The State Treasurer could take any necessary action to ensure the program's successful operation, including entering into agreements with qualified financial institutions related to the operation of the program and the issuance of marina dredging loans.
Each participating qualified financial institution would have to do the following:
-- By March 1, 2014, report to the State Treasurer the principal amount of loans made under the program.
-- File with the State Treasurer an affidavit signed by the institution's senior executive officer stating that the institution was in compliance with the program and the Act.
Upon the State Treasurer's request, a qualified financial institution would have to forward to him or her a copy of any affidavit executed by a person receiving a loan under the Act. The institution and the Treasurer would have to destroy the affidavit or its copy after the loan was repaid.
If appropriated to the Department of Treasury, an amount sufficient to pay loan origination fees, not to exceed $5.0 million, would have to be spent. The appropriation would be a work project appropriation, and any unencumbered or unallotted funds would have to be carried forward into the following fiscal year.
The proposed Act specifies that the following would be in compliance with Section 451 of the Management and Budget Act:
-- The purpose of the project would be to provide financial assistance to eligible marinas and alleviate financial distress caused by the impact of low water levels on recreational watercraft use, and related economic impacts through the program.
-- The work project would be accomplished through the use of payments to qualified financial institutions for marina dredging loan origination fees for administrative costs incurred by qualified financial institutions.
-- The work project's total estimated completion cost would be $5.0 million.
-- The project's estimated completion date would be September 1, 2018.
Under Section 451a of the Management and Budget Act, to be designated a work project eligible for an appropriation, a project must be for a specific purpose, contain a specific plan to accomplish its objective, and have an estimated completion cost and completion date.
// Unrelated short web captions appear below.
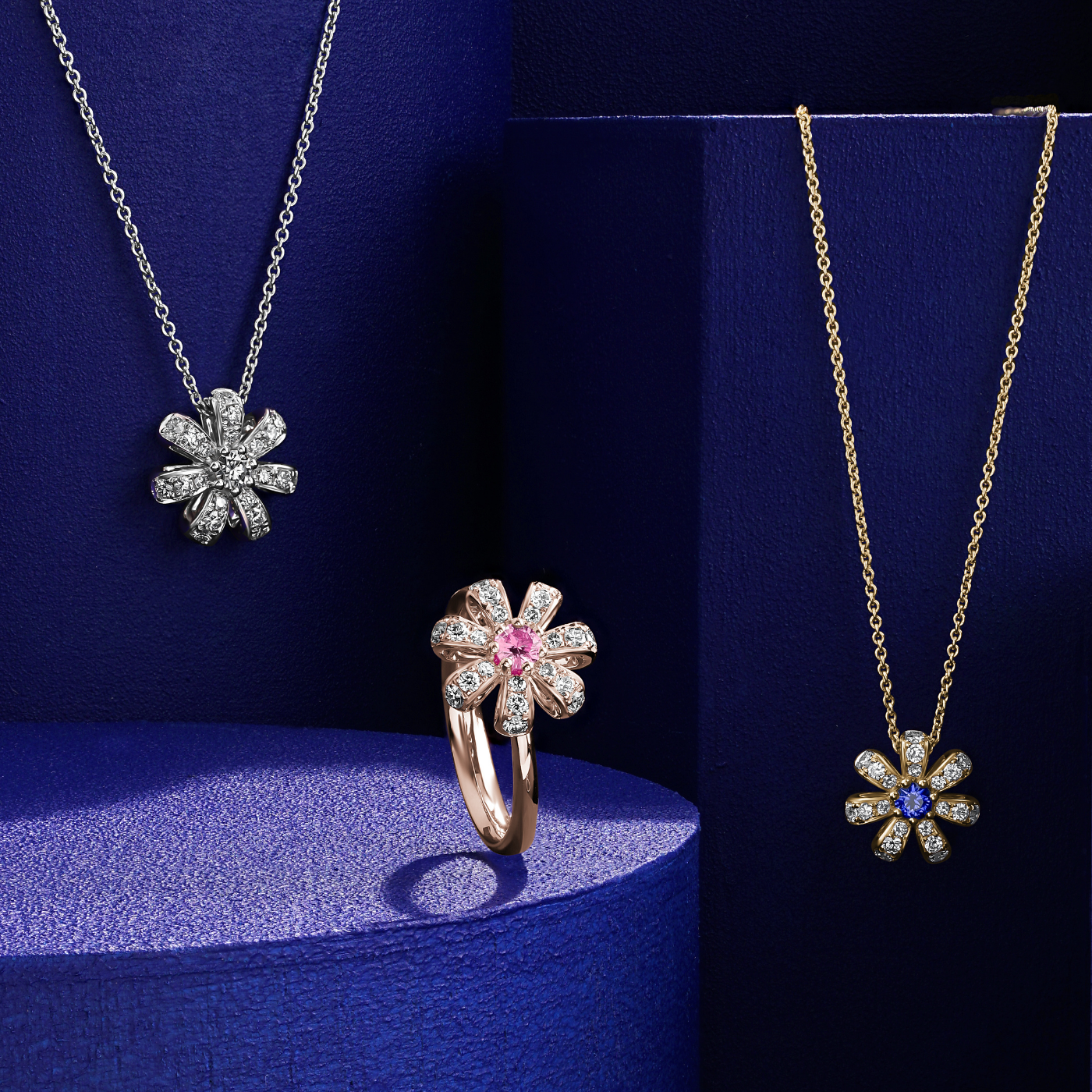 Fiora pendant set in pave Diamonds and a Sparkling blue Sapphire in the middle is iconic design from carati jewelry in montreal canada in 1k 14 kwith the pink ring and diamond pendant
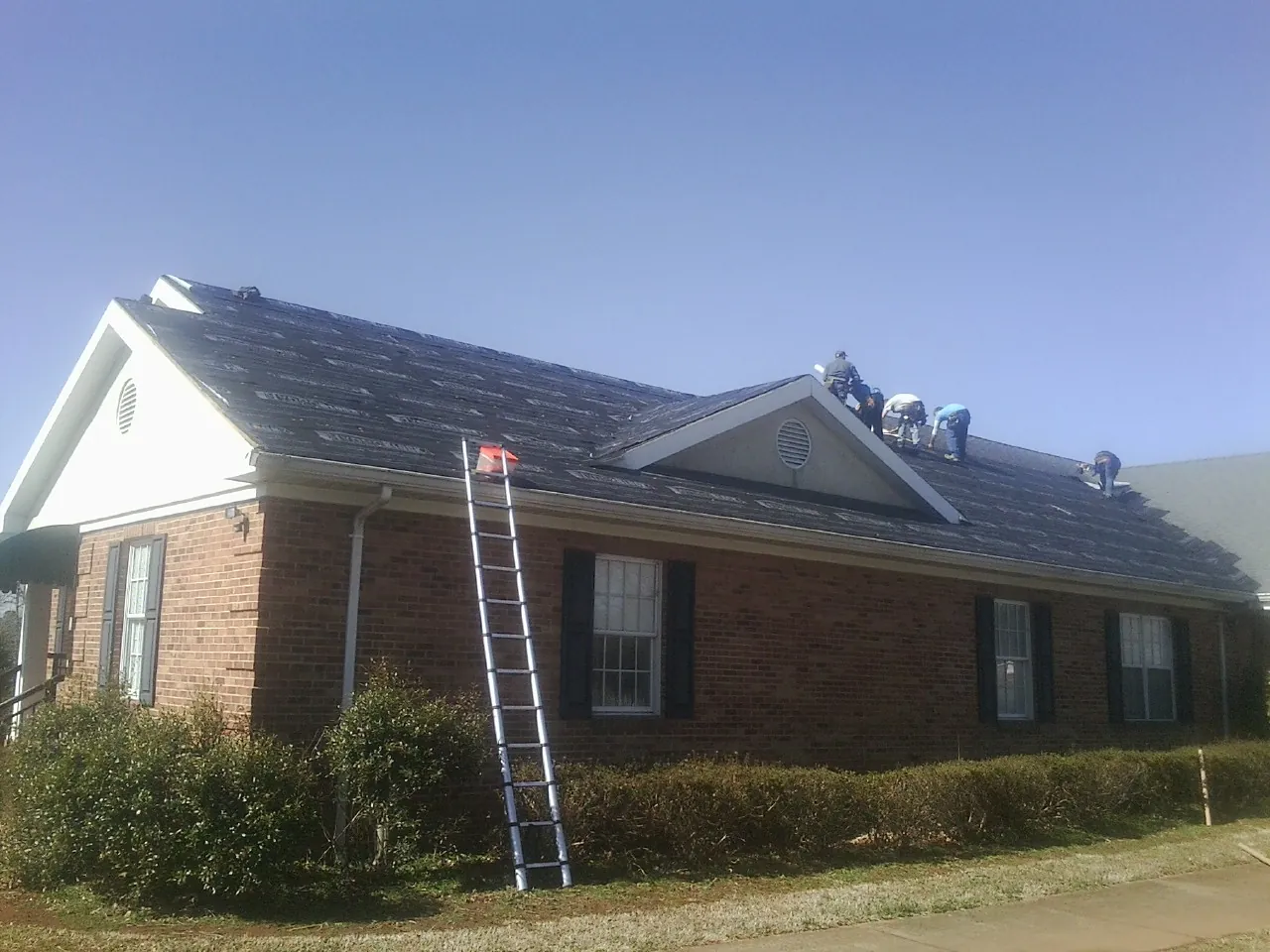 Crew tearing shingles off a brick ranch roof with a ladder set — Metal Roof Repair work by our crew in Alden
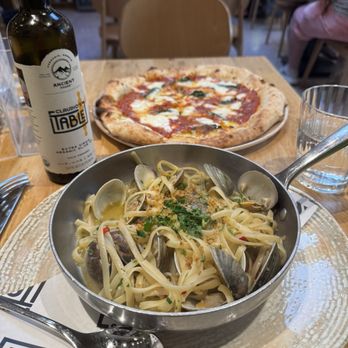 Claudios Table - Margherita pizza In the back and linguini alle vongole in the front - Italian Near Me - Washington, DC, District of Columbia Claudios Table - Margherita pizza In the back and linguini alle vongole in the front - Italian Near Me - Washington, DC, District of Columbia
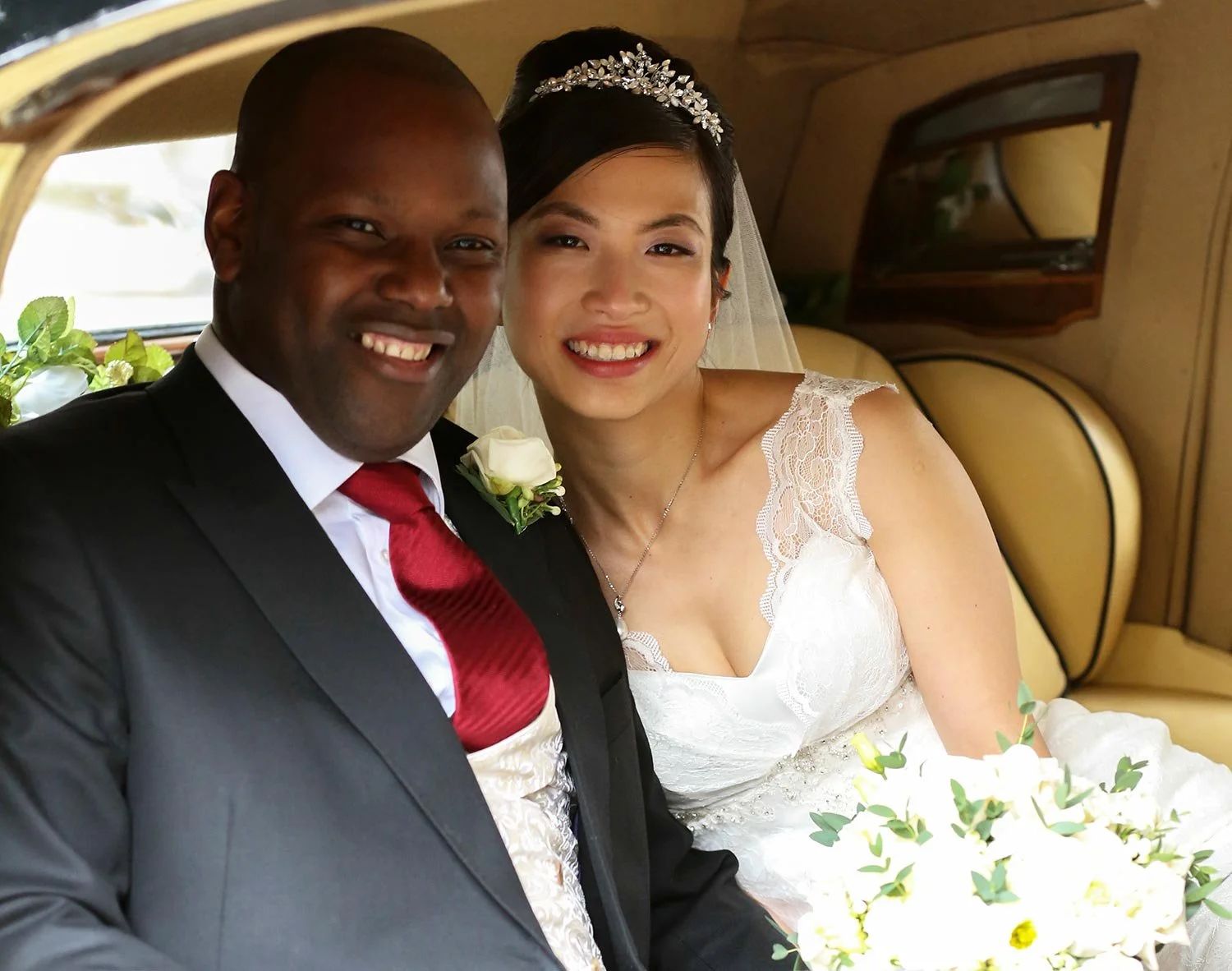A bride and groom together in the wedding car, Four Seasons Park Lane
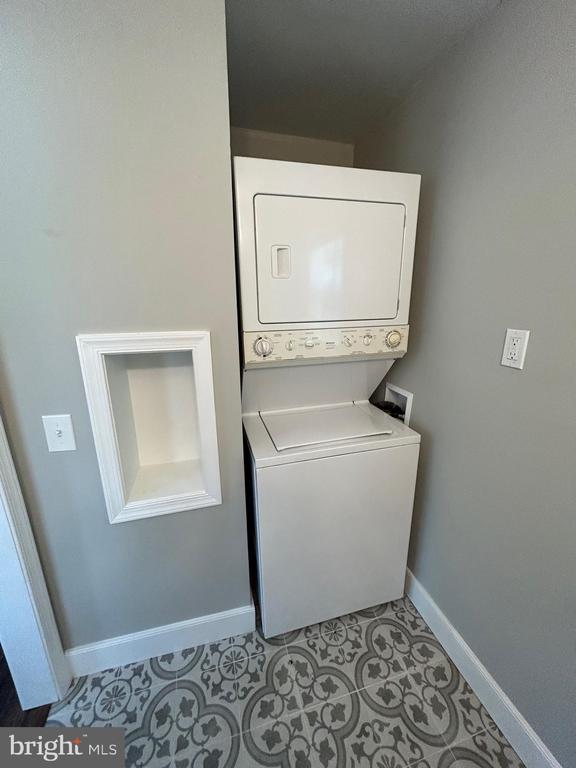 1346 Lakeshore Dr N, Louisa, VA 23093 - laundry area with stacked washer and clothes dryer and light tile patterned floors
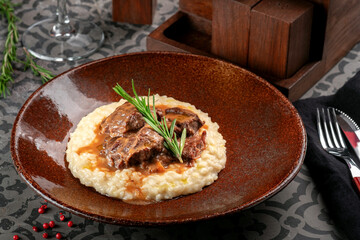 Milanese risotto with beef stew. Italian cuisine dish with rice and beef meat in sauce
Legislative Analyst: Julie Cassidy
FISCAL IMPACT
Under the proposed marina dredging loan origination program, the State would pay a qualified financial institution a loan origination fee equal to 5% of the original principal amount of a marina dredging loan. The bill would limit the amount of a loan to $500,000 per eligible marina, which would cap the State's payment at $25,000 per loan. Total State payments for the marina dredging loan origination program would be capped by the bill at $5.0 million, which would equate to 5% of $100.0 million in loans. No appropriation, however, is proposed in the bill for this purpose. If an appropriation were made for the marina dredging loan origination program, the program would cost up to $5.0 million, the limit that would be established in the bill. In the absence of an appropriation, the program would not operate.
If the program became operational, the Department of Treasury would have increased administrative responsibilities and costs. In the absence of an appropriation for administrative costs, the additional costs would be absorbed within existing Department resources. Similarly, the Department of Attorney General would have increased costs of an unknown amount to review the legal form of all documents related to State payments of a loan origination fee under the program. These costs likely would be within the existing scope of legal services provided to the Department of Treasury.
Fiscal Analyst: Elizabeth Pratt
This analysis was prepared by nonpartisan Senate staff for use by the Senate in its deliberations and does not constitute an official statement of legislative intent.